The gathering was part of the 32nd annual ASU Day at the Capitol, where students meet with lawmakers and advocate for the policies important to them. Across from the Capitol, several programs from each campus huddled under tents to showcase their achievements, while some students met with lawmakers face-to-face.

University President Michael Crow also stopped by the tabling event to greet students and faculty. Crow mingled with other groups that were on the Capitol grounds and then headed to the House and Senate to meet with lawmakers. 

There, Crow was joined by Senior Vice President and Secretary of the UniversitySecretary Christine Wilkinson, Athletic Director Ray Anderson, ASU football Head Coach Herm Edwards and Sparky on the floor of the House of Representatives where they were recognized for their contributions to Arizona and the University.

Crow and his legislative team met with lawmakers to discuss policies that affect the University. He said, overall, the turnout and legislative outreach efforts by him and students were “positive.”

“Our objective is to project all of the things the University is doing in sort of a one-stop shopping place — you show up, you see schools, programs, degrees, initiatives, all of those things, and that’s what we try to do once a year,” Crow said. “When it doesn’t rain, it’s good and when it rains it’s OK.”

But the bulk of the efforts was made by students from each campus’ Undergraduate Student Government. The groups met with lawmakers, catching them in the lobby between committee hearings in hopes of forging relationships and establishing a channel for future dialogue.

Aly Perkins, senate president of USG Downtown, said the interaction is important to establishing a relationship and that it helps put a face to the ASU student body. Perkins said she was pleased with the turnout and believes that she and her fellow student representatives laid the groundwork for meaningful connections with lawmakers down the road.

“It was nice to see students from all four campuses coming together and talking to representatives and getting their voice out there," Perkins said.

Most of those outreach efforts, Perkins said, were aimed at lawmakers representing the Phoenix area. Perkins’ colleague, Ryan Leith, USG Downtown’s vice president of policy met with Rep. Lela Alston, D-Phoenix, and other downtown Phoenix lawmakers Wednesday.
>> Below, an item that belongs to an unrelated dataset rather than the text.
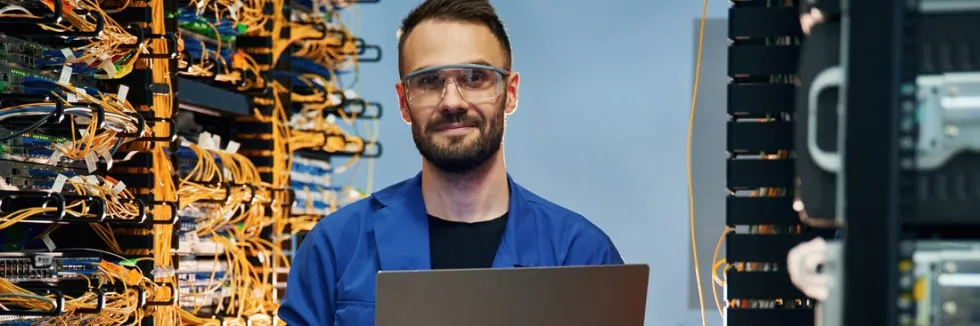 computer-systems-and-network-engineering-usmiechniety-inzynier-sieci-z-laptopem-w-serwerowni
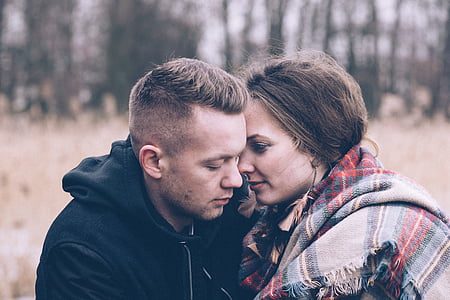 man near woman with plaid scarf thumbnail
Although the students were not advocating for any specific policies that day, Leith said that issues like higher education funding and bills that addressed things like non-lethal weapons on campus and leaseback financing were on the minds of student representatives.

But establishing that connection and sharing student input and priorities, Leith said, is the extent of their efforts — their best and only assets. Since students have little political capital and are competing with much larger and better organized interests, establishing that personal connection is important.

“What I’ve found is that meeting with individual legislators and making a personal connection … makes it a lot easier to move forward on, maybe not funding, but maybe discussions, forums and bringing them to us and getting students involved in that process,” Leith said.

“It (getting involved) is easy," he said. "It’s easy to come down here and be involved. Showing students that it is easy and showing students how to get involved is the challenge.”